Effective 2d cumsum

Say I have such an array

>>> a = np.arange(1,8).reshape((1,-1)) >>> a array([[1, 2, 3, 4, 5, 6, 7]]) 

and I want to create for each of the elements in a "cumsum of next 4 items". That is my expected result

 1, 2, 3, 4, 5, 6, 7, 8 1+2, 2+3, ... 1+2+3 2+3+4 ... 1+2+3+4 2+3+4+5 ... 

i.e. matrix containing

 1, 2, 3, 4, 5, 0, 0, 0 3, 5, 7, 9, 11,0, 0, 0 6, 9, 12,15,18,0, 0, 0 10,14,18,21,26,0, 0, 0 

Since the cumsum operation cannot be performed correctly for the last 3 elements, I expect there to be 0 . I know how to make one kumma. In fact, arrays

 a[:4].cumsum().reshape((-1,1)); a[1:5].cumsum().reshape((-1,1))... 

arranged horizontally. However, I do not know how to do this in an effective way. What would be a beautiful vectorized numpy way of doing this?

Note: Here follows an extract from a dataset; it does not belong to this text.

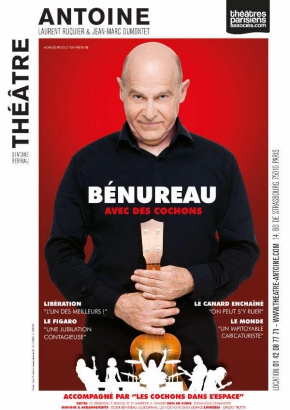 Didier Bénureau avec des Cochons Didier Bénureau avec des Cochons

I am also open to scipy packages if they dominate numpy in terms of efficiency or readability.

+7
python arrays numpy scipy cumsum
source share
3 answers

One possible way would be to use a moving window approach in conjunction with cumsum() .

For example:

 from numpy.lib.stride_tricks import as_strided a = np.arange(1, 9) # the starting array slice_length = 4 

Then you could write:

 arr = as_strided(a, (slice_length, len(a)), (a.strides[0], a.strides[0])).cumsum(axis=0) 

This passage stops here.